In June 1955 Fritz Müller relocated to Berlin. Here he succeeded as :de:Liste der ZK-Abteilungen und ihrer Abteilungsleiter Leader of the Planning and Finance Department of the Party Central Committee. The country's classic Leninist constitutional arrangements insisted on the "Leading role" of the ruling party, which made the central committee the dominant element in ruling East Germany. In May 1960 Fritz Müller was appointed head of the Central Committee's Cadre Department, a position he would hold for nearly three decades. The post gave him responsibility for the further training of party officers and of officers of the approved mass movements that were a feature of the political structure applied in the Soviet Union and its satellite states. He was also responsible for Personnel Strategy within the SED and thereby also of the entire nomenklatura structure, embracing the relevant organisations and institutions. His own name first appeared on the candidate list for central committee membership in 1963. In 1967 he became one of the 131 members of the Party Central Committee. Additionally, in April 1979 he succeeded as First Secretary in the Central Leadership of the Party Organisation in the Central Committee Apparatus.
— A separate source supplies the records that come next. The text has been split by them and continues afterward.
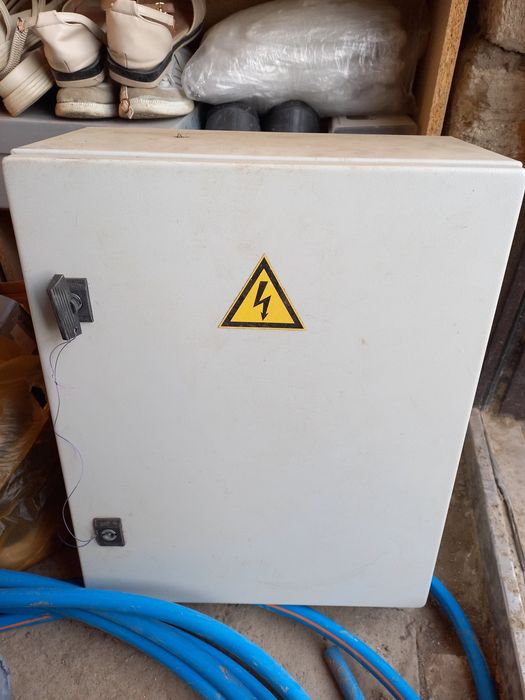 Электо щит сатылады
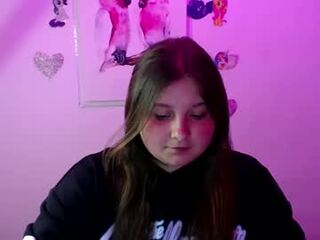 ledi_ivanna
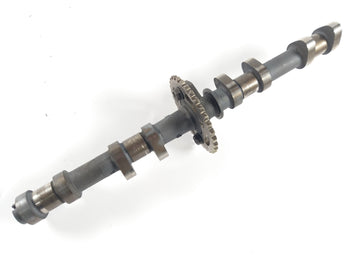 Suzuki GSX -R 750W GR7BA - Outlass Camshaft Camshaft - 0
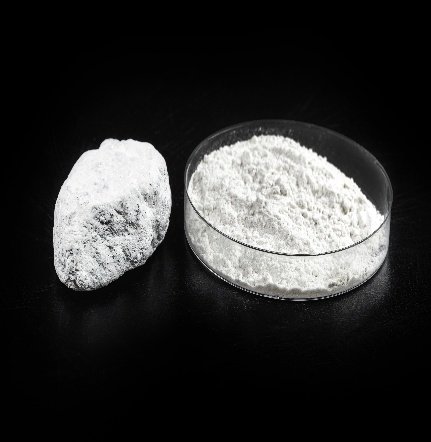Glazex 90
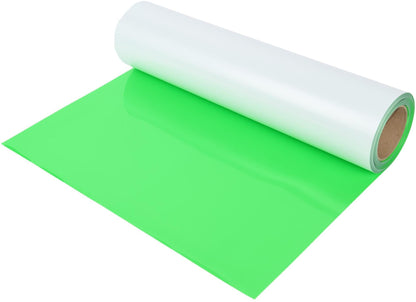 DHOF - Dae Ha One Flex Vinyl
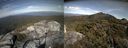./images/calvert/buxton2/20140910/buxton220140910_161502M.jpg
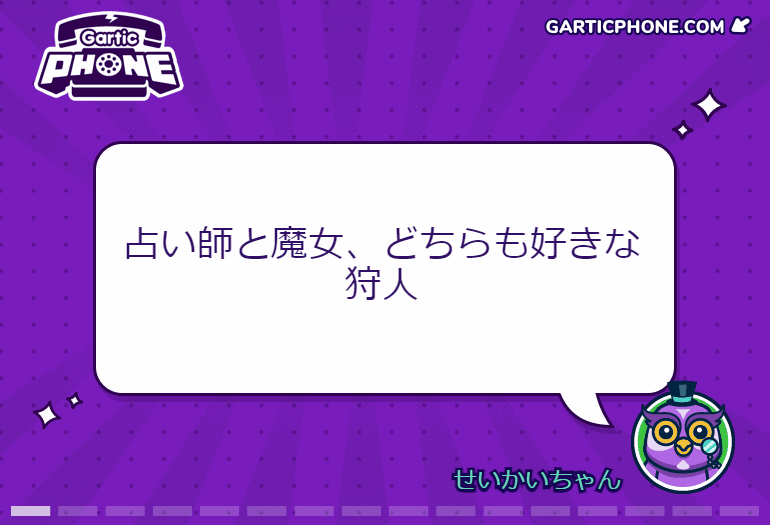 album_1fcit0l1o.gif
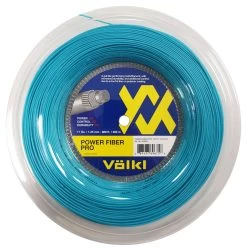 Volkl Power Fiber Pro 17 1.25mm 200M Reel 8 Volkl Power Fiber Pro 17 1.25mm 200M Reel -Sports General Store volkl power fiber pro 17 1 25mm 200m reel blue 53822 37688.1698772537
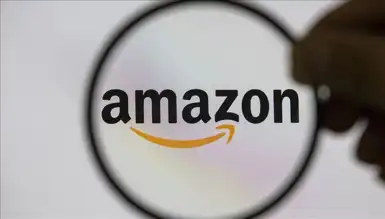 4 Milyar Dolarlık Yapay Zeka Yatırımı!
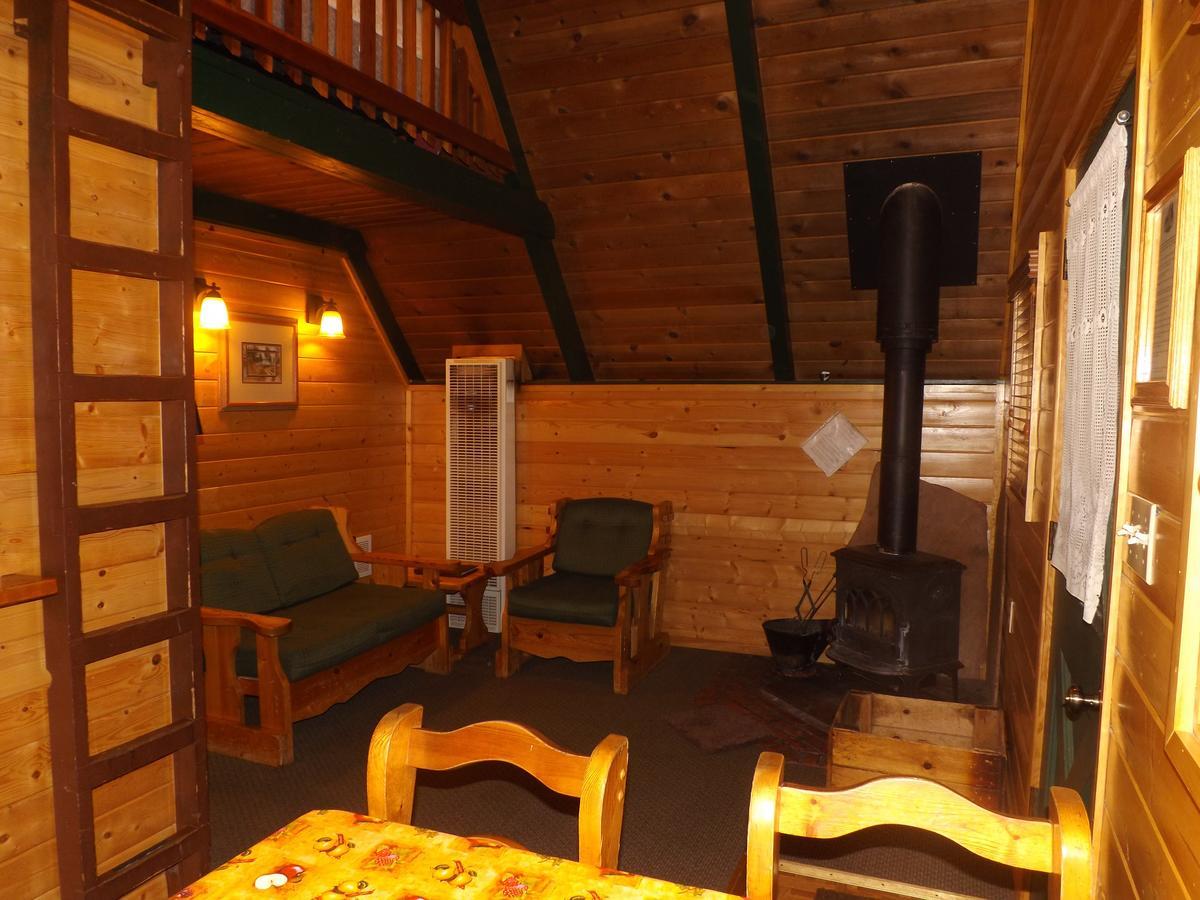 Inn Arizona Mountain & 2*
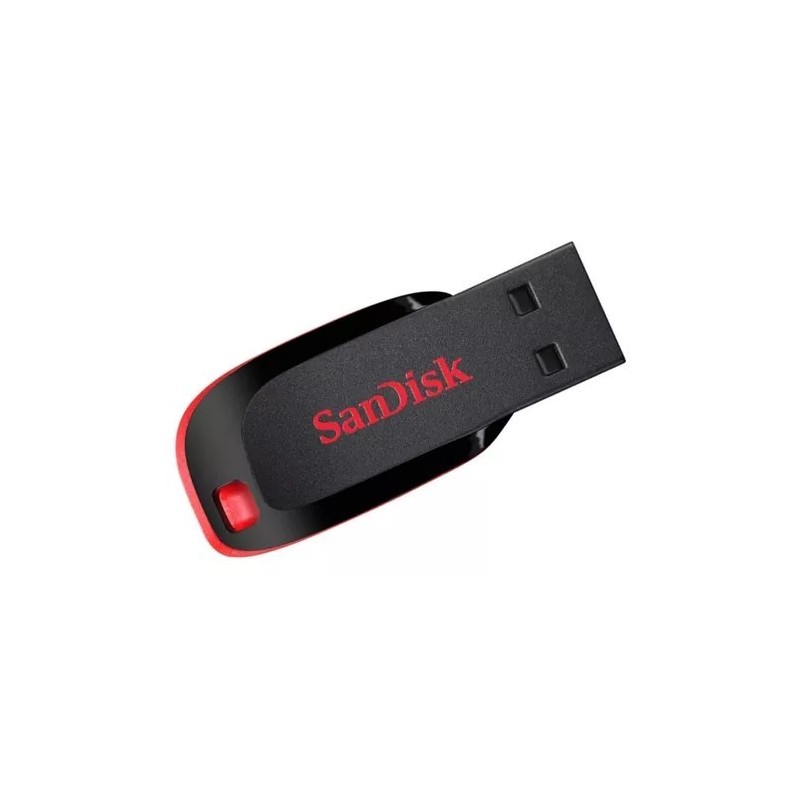 Pendrive Sandisk 32GB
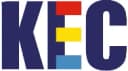 Kec International Limited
The changes of 1989/90 heralded the end of the German Democratic Republic as a standalone state, and they also signaled the end of Fritz Müller's political career. On 8 November 1989 the Central Committee Politburo resigned, Müller was relieved of his Central Committee duties on 28 November 1989. A few months later, on 10 February 1990, he was excluded from the Party of Democratic Socialism, the name by which East Germany's old SED was now in the process, slightly hesitantly, of trying to reinvent itself in anticipation of a more democratic future.